Acá no se viene a morir




Todas las historias de la Casa del Teatro, el  albergue de artistas retirados,  están cubiertas por un dejo de tristeza, de pesimismo, de abandono. Pero la Casa habla y cuenta otra versión.


Por Carolina Cardillo



Hablar de mí no es fácil. Un telón de tabúes me rodea - que terminar acá es lo peor que te puede pasar, que estoy sumida en la decadencia, que entre mis paredes sólo merodea tristeza-.  Para correrlo, hay que estar dispuesto a escucharme y dejar de lado los prejuicios. No es fácil ser un albergue de artistas retirados. No es fácil ser la Casa del Teatro.

Cualquier transeúnte distraído puede pasar por la puerta y ni siquiera saber que estoy ahí. Los más viejos, los que veían la tele en blanco y negro, los que gustaban del tango en los ‘60, hasta podrían fascinarse si pisan mi vereda. Los pájaros no pueden evitarme: no saben quién soy y nunca lo sabrán, pero de sus memorias voladoras no se borra la pirámide incaica que resalta en un cielo de terrazas,  que es la cereza de este postre de diez pisos.

Diez pisos históricos que ocupan la Avenida Santa Fe al 1243 desde 1938, en pleno Retiro. Edificio emblema del Art Decó en Buenos Aires, diseñado ad honorem por el arquitecto Alejandro Virasoro, que puso todo su ingenio en construirme tan aerodinámica, tan geométrica, tan novedosa para la época. Todo su ingenio para cumplir las expectativas del sueño de Regina, mi mamá.

Regina Pacini fue una soprano portuguesa que triunfó con su canto en toda Europa. A los 36 años se casó en Lisboa con Marcelo T. de Alvear, quien en 1922 se convertiría en presidente de Argentina. Aquí la flamante primera dama, ya alejada de los escenarios, tuvo la idea de crear un albergue para los artistas retirados que no corrían con su misma suerte. Cuenta la leyenda que este proyecto nació el día en que la señora encontró a una cantante con la que había trabajado, pidiendo limosnas en la calle. Se indignó y decidió crearme.

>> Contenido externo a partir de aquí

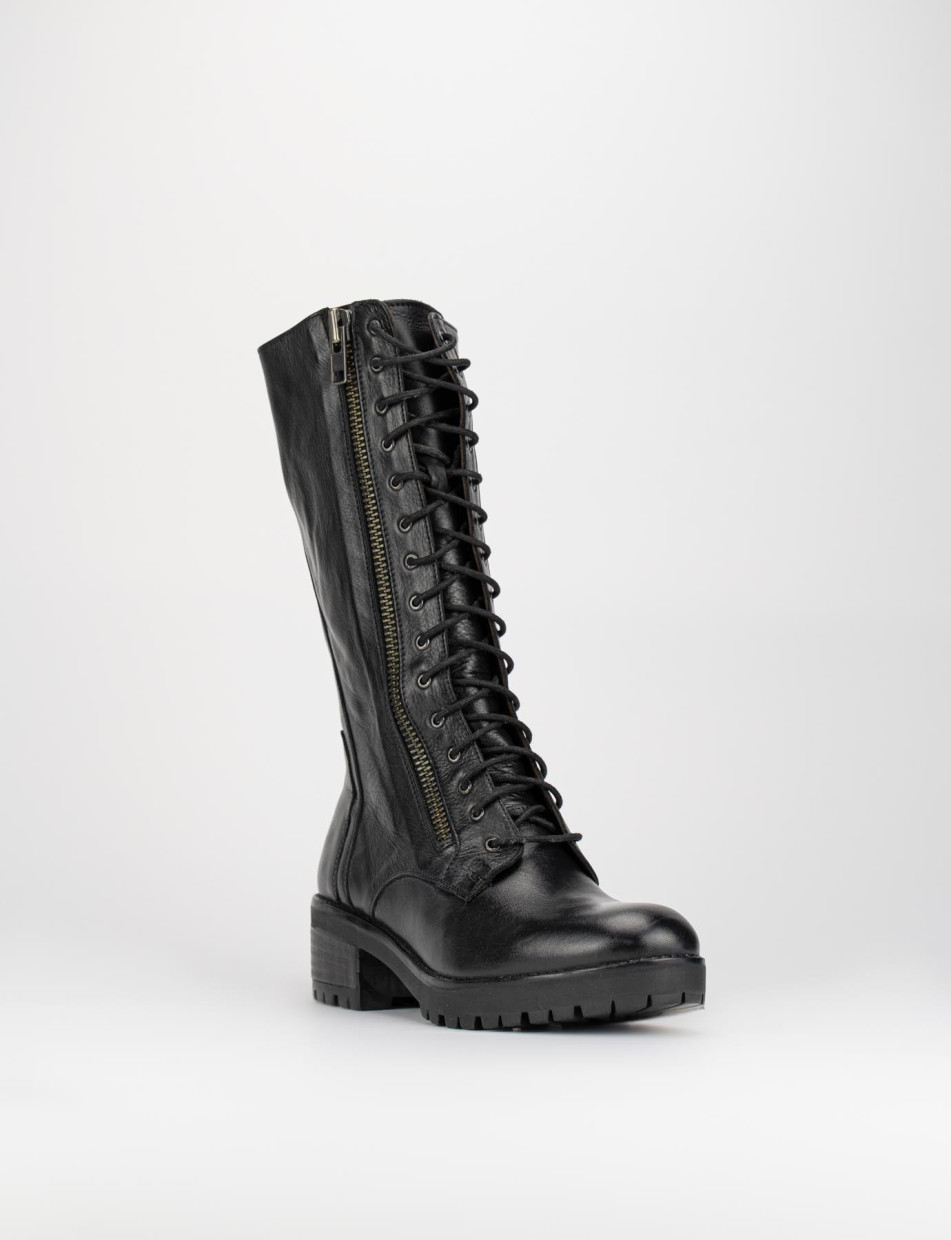 Combat boots heel 4 cm black leather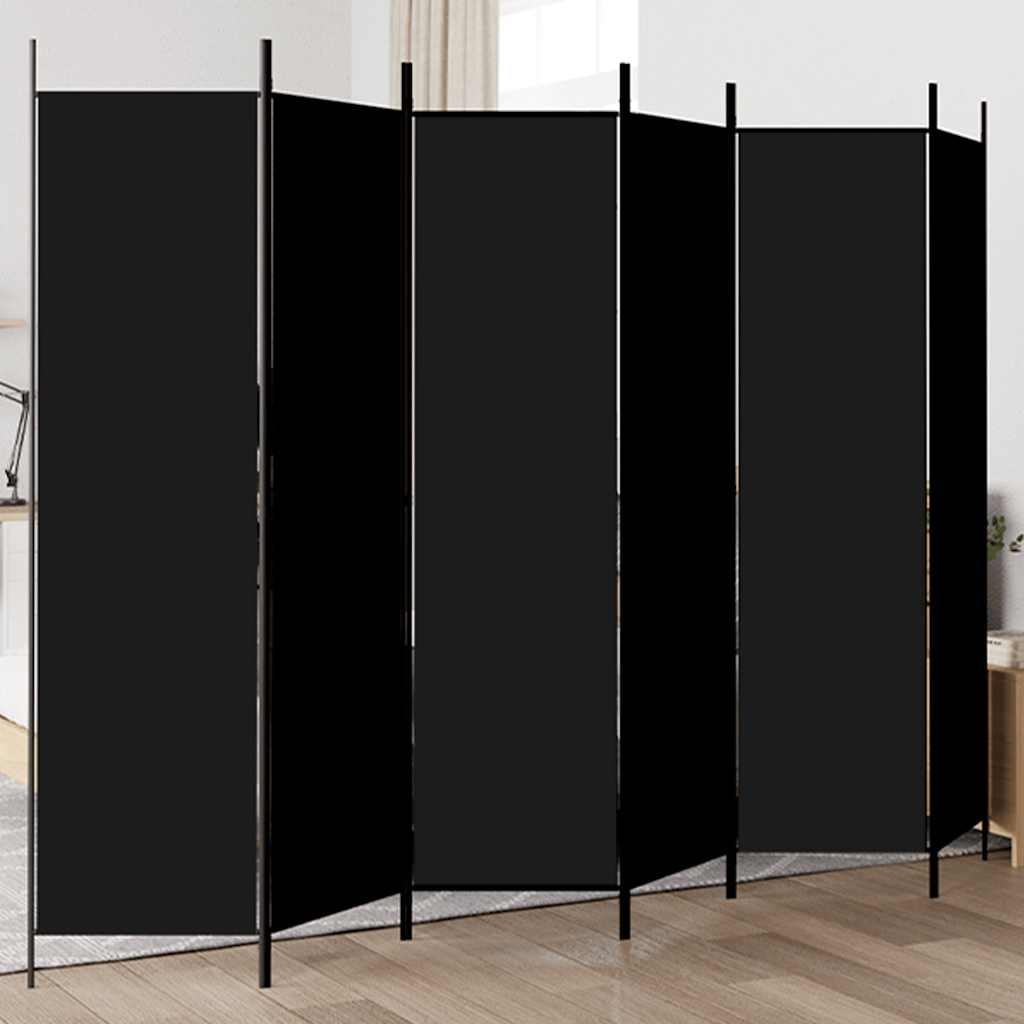 6-tlg. Paravent Schwarz 300x200 cm Stoff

Desde entonces estoy acá. No me moví ni un centímetro, pero vaya si he vivido historias movilizadoras. Acá, en la Casa del Teatro, viven artistas. Retirados, con problemas económicos, un poco locos, un poco olvidados. Pero no dejan de ser artistas. Nunca dejan de serlo y nos encargamos de que así sea. Esta casa es un refugio para los peregrinos del arte,  para que aquellos que dedicaron sus mejores años al público, en los umbrales de la vejez puedan encontrar un retiro digno y libre.

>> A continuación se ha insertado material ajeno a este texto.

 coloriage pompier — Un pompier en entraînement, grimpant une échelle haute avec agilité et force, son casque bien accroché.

¿Usted trabajó en el ambiente artístico por más de 15 años y está pasando por un mal momento económico o requiere una vivienda? Aquí será bien recibido. No importa si fue actor, cantante, bailarín, vestuarista, director o escenógrafo. Incluso periodista de espectáculos. Si puede probar su currículum y tenemos una habitación libre, seguramente se convertirá en uno de nuestros estimados huéspedes. Pero recuerde: acá no se viene a morir.

Sí, los viejos mueren. Las viejas también. Algún día, todos moriremos. Pero esto no es un depósito de gente esperando a ser cenizas.

                        —      Todo el mundo se cree que esto es un geriátrico. No es así, esto es una casa de paso. Todo el que no se puede valer por sí mismo no puede vivir acá.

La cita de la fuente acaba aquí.